We now consider a process-tracing analysis in which we stipulate the probabilities of nodal types rather than learning about them from the data. For this setup, we compare our restricted model (\(M_1\)) to an alternative model (\(M_2\)) in which we allow for negative effects of \(I\) on \(M\), but consider them to be unlikely rather than impossible (with null and positive effects somewhat likely). We refer to these priors as “quantitative priors” in the sense that they place a numerical value on beliefs rather than a logical restriction. Specifically, we define model \(M_2\) with prior probabilities on the elements of \(\theta^M\) as: \(p(\theta^M=\theta^M_{10})=0.1\), \(p(\theta^M=\theta^M_{00})=0.3\), \(p(\theta^M=\theta^M_{11})=0.3\), and \(p(\theta^M=\theta^M_{01})=0.3\). This is in comparison to the 0, 1/3,1/3,1/3 distribution implied by the fully restricted model, \(M_1\).

In Figure 16.10 we compare findings for a set of cases with different data realizations.

Inferences under alternative quantitative priors

Figure 16.10: Inferences under alternative quantitative priors

The results differ in various modest ways. For cases with \(I=0, D=1\) we ask whether the low inequality caused democratization. There are some differences here when we are looking for negative effects of inequality, though the ordering of inferences does not change. The differences appear in the cases of Albania and Nicaragua, where \(M=1\). Under priors fully constrained to monotonic causal effects, we see that observing \(M=1\) makes us think low inequality was less likely to have caused democracy because \(M=1\) represents an alternative cause and because low inequality cannot cause democratization via \(M\) if \(I \rightarrow M\) effects cannot be negative. However, if we allow for a negative effect of \(I\) on \(M\), even while believing it to be unlikely, we now believe a negative effect of inequality on democratization, conditional on mobilization, to be more likely since now that effect can run from \(I=0\) to \(M=1\) to \(D=1\). Thus, our estimate for Albania and Nicaragua goes up under \(M2\) relative to \(M1\). We see, likewise, that mobilization, \(M\), becomes less informative about the effect, as the estimates for Albania (\(M=1, P=0\)) are more similar to those for Mexico (\(M=0, P=0\)), and those for Nicaragua (\(M=1, P=1\)) to those for Taiwan (\(M=0, P=1\)).

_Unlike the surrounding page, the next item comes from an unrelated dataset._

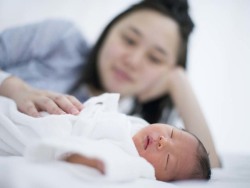 张蓝之主任
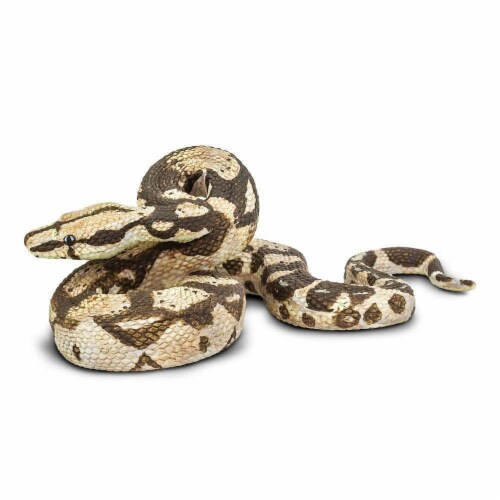 Boa Constrictor Perspective: front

Turning to cases with high inequality and democratization, inferences about the probability of positive causation are unaffected by the assumption about the effect of \(I\) on \(M\). The reason is that, since we still maintain a monotonicity assumption for the direct effect of \(I\) on \(D\) (no positive effects), the only question is whether there was an indirect effect. Since we maintain the assumption of a monotonic effect of \(M\) on \(D\), it remains the case in both models that observing \(M=0\) rules out a positive indirect effect. If however \(M=1\), then \(I\) did not have a negative effect on \(M\) and the only question is whether \(M=1\) because of \(I\) or independent of it—which depends only on the relative sizes of \(\theta^M_{11}\) and \(\theta^M_{01}\). These remain the same (and equal to one another) in both models.

Overall the evaluation of the democracy and inequality model paints a mixed picture. Although the model is able to recreate data patterns consistent with observations, the inferences from within case observations discussed in Chapter 8 depended on assumptions about processes that, while theoretically compelling, can not be justified from observation of broader data patterns even under relatively heroic assumptions on causal identification.

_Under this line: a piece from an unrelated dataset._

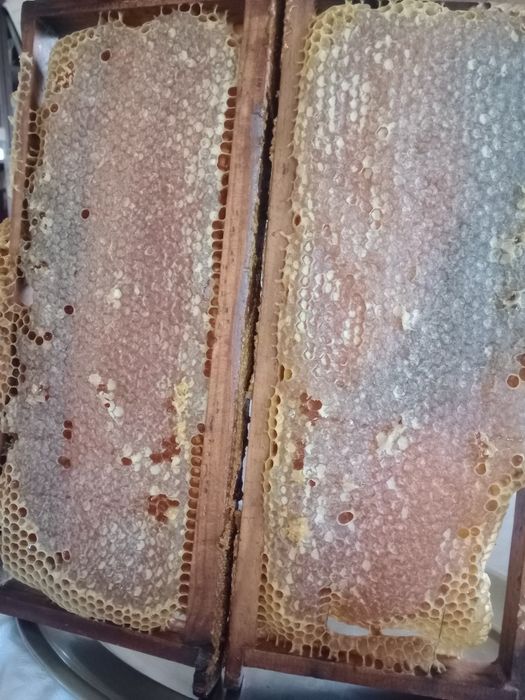 Vendo mel puro do apicultor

16.3 Evaluating the Institutions-Growth Model

Now we use these four techniques on our second application studying institutional quality and economic growth. Recall that we used data from Rodrik, Subramanian, and Trebbi (2004) to assess the causes of economic growth, focusing specifically on the effects of institutions and of geography.

16.3.1 Check Assumptions of Conditional Independence

Our model presupposes unconditional independence between \(M\) and \(D\) and between \(R\) and \(D\). We can see from the simple unconditional regressions reported in Table 16.4 that a dependence exists that is not allowed for in our model. Mortality and distance are related, as are distance from the equator and institutions.

Table 16.4: Regression coefficients for \(M\) and \(R\) on \(D\) (estimated separately).
Relation estimate std.error p.value
M~D -0.373 0.105 0.001
R~D 0.241 0.111 0.033

We might consider then a model that allows for an arrow from \(D\) to \(M\). In this case we have a violation of the exclusion restriction. Even still, one might expect that taking account of possible dependencies might not greatly alter analysis since we in effect block on each variable when assessing the effect of another. We will revisit this question when we assess model sensitivity.

16.3.2 Bayesian P-Value

We turn next to evaluating the institutions and growth model using the Bayesian \(p-\)value approach, and for this purpose can return to the data that we coded from Rodrik, Subramanian and Trebbi. In the two panels of Figure 16.11, we plot the posterior predictive distributions from our updated model for two quantities of interest: The outcome \(Y\), the size of a country’s economy and the correlation between \(M\), the settler mortality rate and \(R\), the quality of institutions. In each graph, we indicate with a vertical line the mean value for these quantities for the data at hand and report the \(p-\)value: The probability of the observed data conditional on our model. This shows the odds of observing the data we see if we assume our model is true.

Bayesian $p$ values for the Institutions and Growth model

Figure 16.11: Bayesian \(p\) values for the Institutions and Growth model

This distribution has a low \(p\) value, suggesting that the model does not update on the correlation between \(R\) and \(Y\) sufficiently; even after observing the data we remain surprised how strong this relation is. The Figure looks essentially identical if we instead use the weaker model in which we allow a \(D\) to \(M\) link.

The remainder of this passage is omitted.